• Your goal
Copy each entry below exactly. No images.

(Beginning of Material to process)

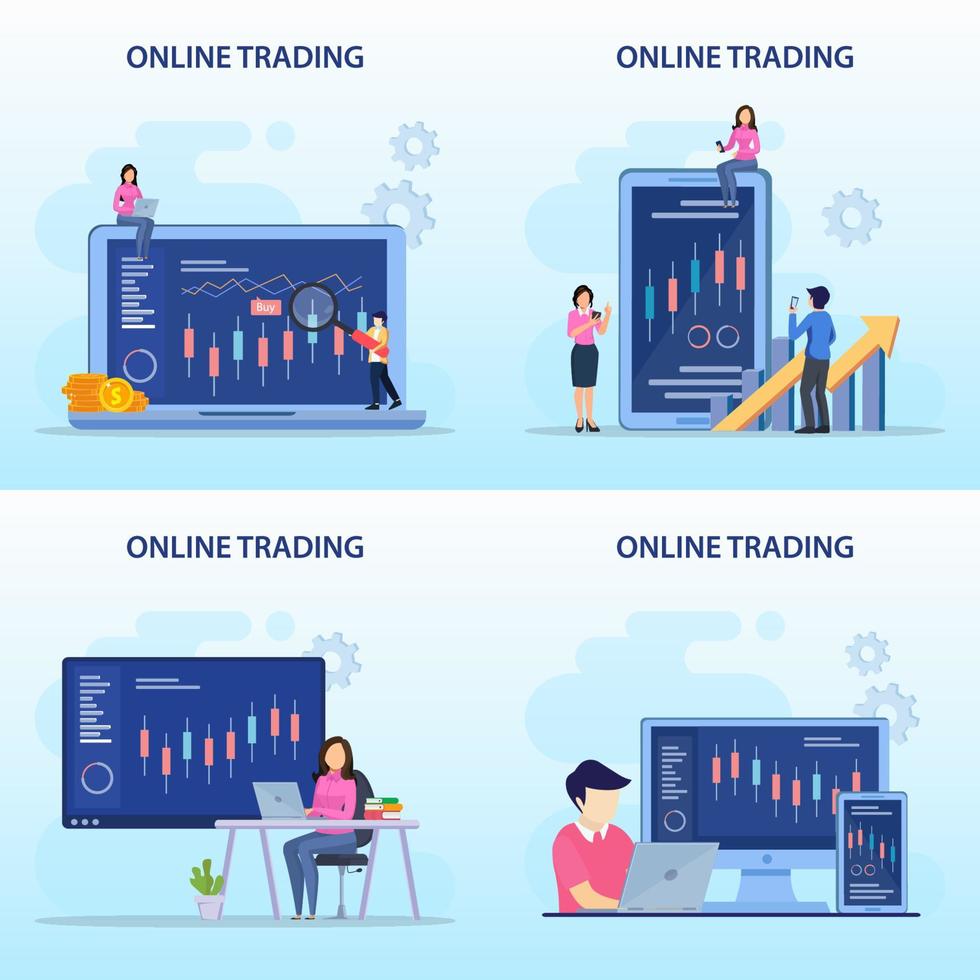 online trading concept. Forex trading strategy, Investing in Stocks. Flat vector template style Suitable for Web Landing Pages.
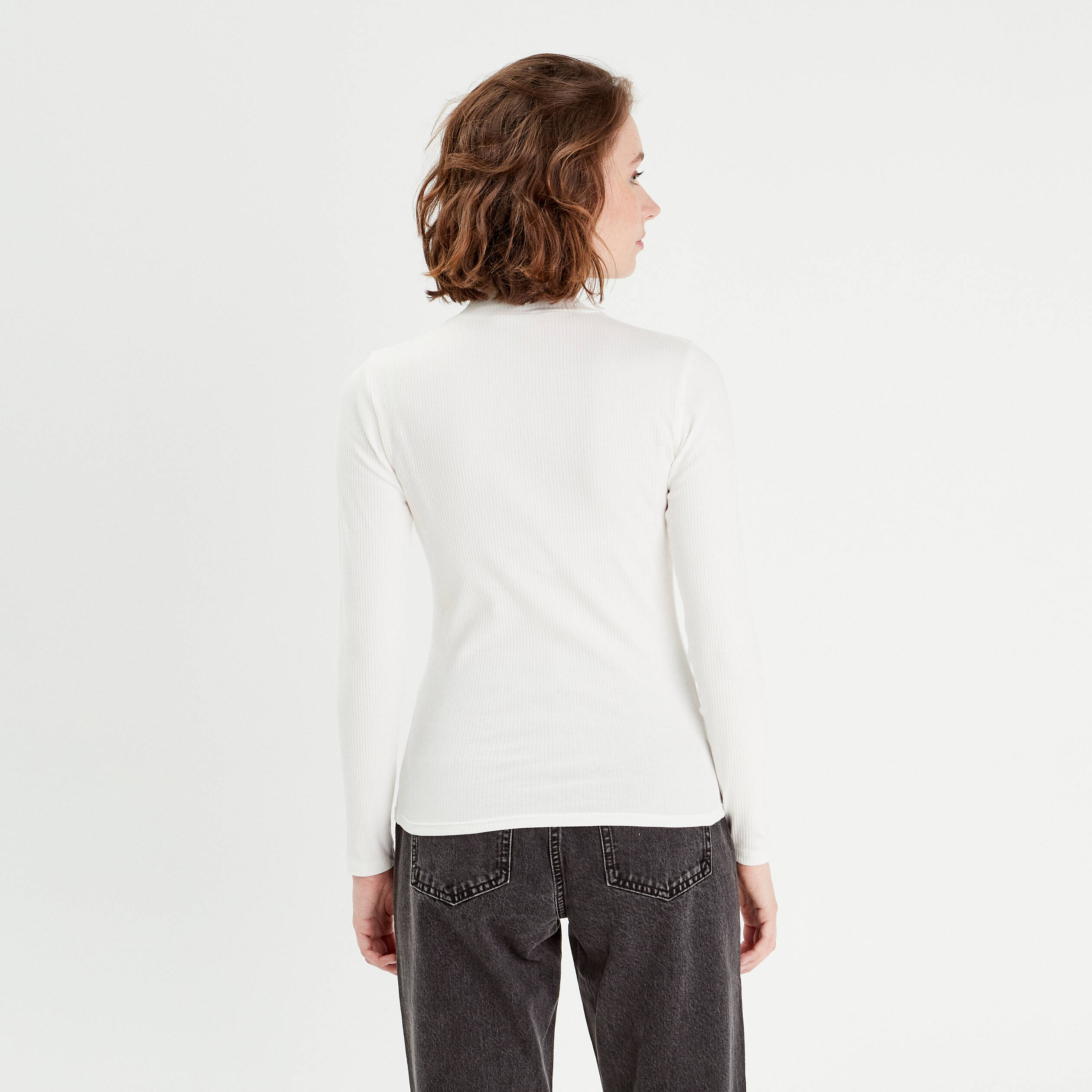 t shirt manches longues cotele ecru femme T-shirt manches longues côtelé ecru femme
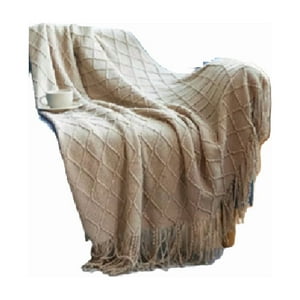 Genérico - Manta Decorativa Tejida Para Sillón, Piecera O Cama Color Beige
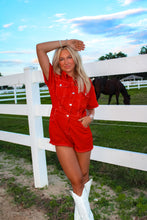 Load image into Gallery viewer, Independence Denim Romper - Vintage Red
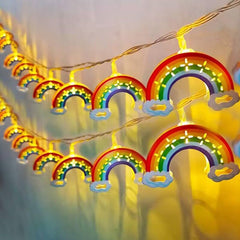 10 LED Rainbow String Lights for Kids Bedroom Battery Powered 5FT Children's Room Decoration Fairy Lights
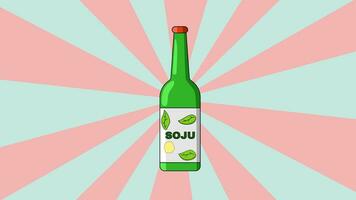 animerad soju flaska ikon med roterande bakgrund video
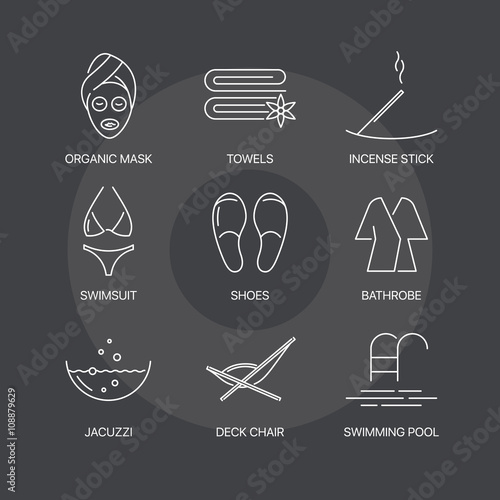 Premium spa thin line icons set on dark background. Exceptional elegant linear logo concept. 
Exclusive outline sign vector illustration.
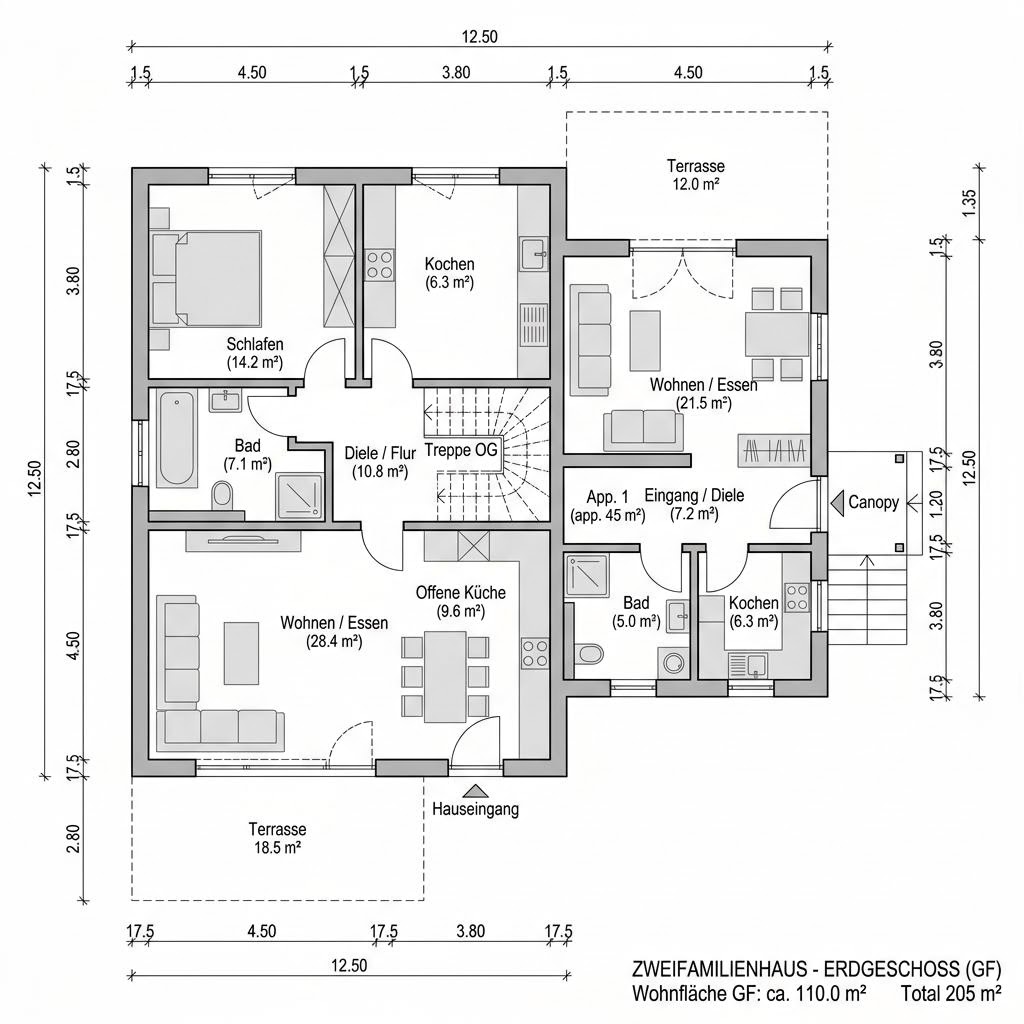 Grundriss Zweifamilienhaus Duplex 205 von P & P Massivhaus — 205 m², 7 Zimmer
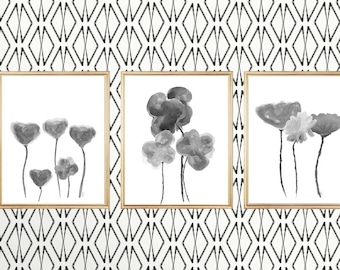Gray Flower Prints, Set of 3, Black Floral Prints, Charcoal Flower Prints, Black Floral Wall Art, Flower Print Set, Black Flower Prints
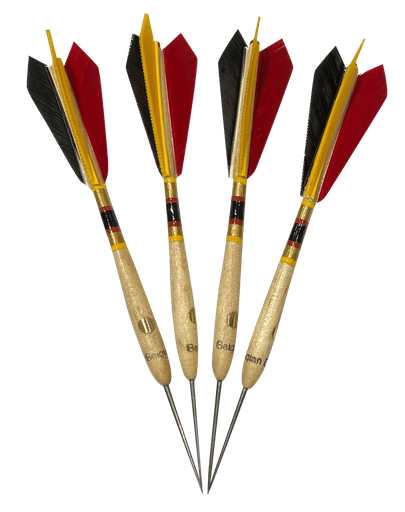 [0921 TRI] Fléchettes Belges en bois 4pcs - noir/jaune/rouge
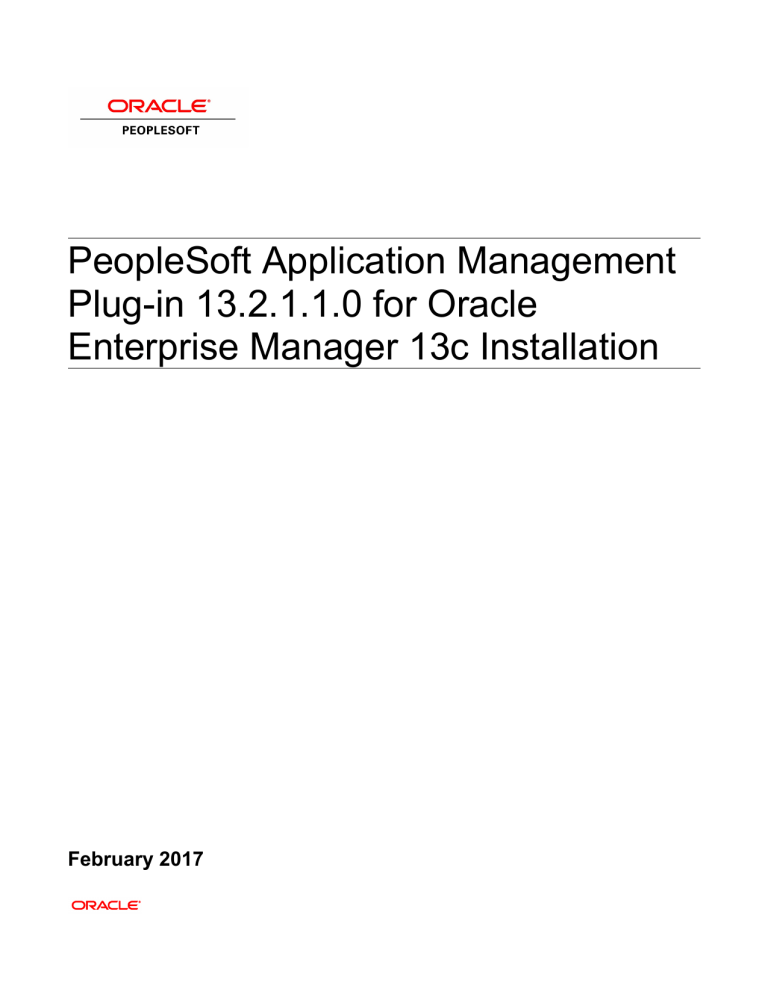 PeopleSoft Application Management Plug PeopleSoft Application Management Plug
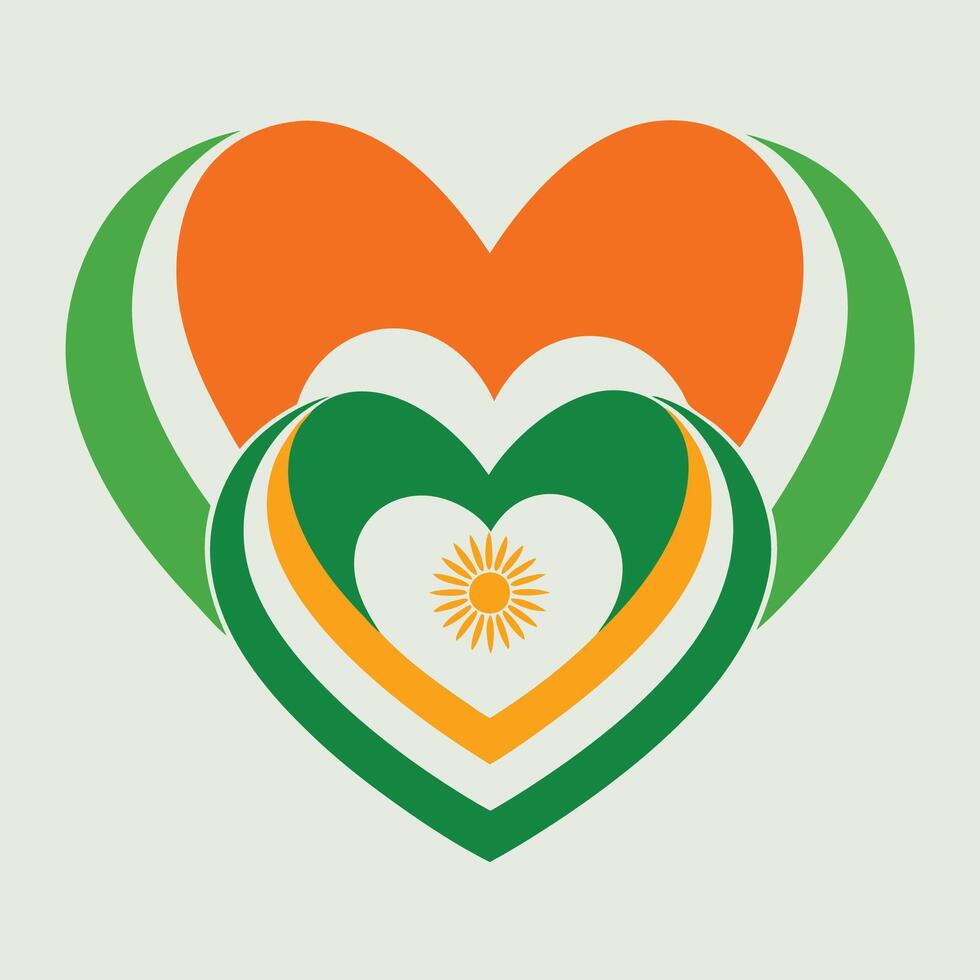 the heart of india with the flag of india vector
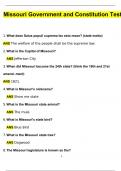 Missouri Government and Constitution Test Complete Updated Questions with 100&percnt; Correct Answers &vert; Verified &vert; Latest Update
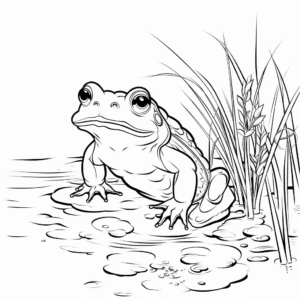 Bullfrog in a Swamp Coloring Pages 2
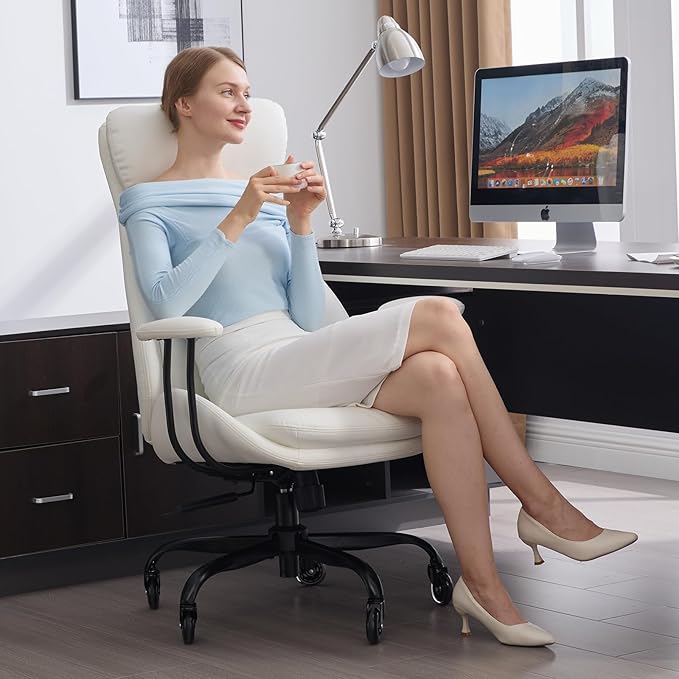 E-Motie Office Chair, Leather Desk Chair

(End of Material to process)

• Answer for the task
 online trading concept. Forex trading strategy, Investing in Stocks. Flat vector template style Suitable for Web Landing Pages.
 t shirt manches longues cotele ecru femme T-shirt manches longues côtelé ecru femme
 Genérico - Manta Decorativa Tejida Para Sillón, Piecera O Cama Color Beige
 Load image into Gallery viewer, Independence Denim Romper - Vintage Red
 10 LED Rainbow String Lights for Kids Bedroom Battery Powered 5FT Children's Room Decoration Fairy Lights
 animerad soju flaska ikon med roterande bakgrund video
 Premium spa thin line icons set on dark background. Exceptional elegant linear logo concept. 
Exclusive outline sign vector illustration.
 Grundriss Zweifamilienhaus Duplex 205 von P & P Massivhaus — 205 m², 7 Zimmer
Gray Flower Prints, Set of 3, Black Floral Prints, Charcoal Flower Prints, Black Floral Wall Art, Flower Print Set, Black Flower Prints
 [0921 TRI] Fléchettes Belges en bois 4pcs - noir/jaune/rouge
 PeopleSoft Application Management Plug PeopleSoft Application Management Plug
 the heart of india with the flag of india vector
 Missouri Government and Constitution Test Complete Updated Questions with 100&percnt; Correct Answers &vert; Verified &vert; Latest Update
 Bullfrog in a Swamp Coloring Pages 2
 E-Motie Office Chair, Leather Desk Chair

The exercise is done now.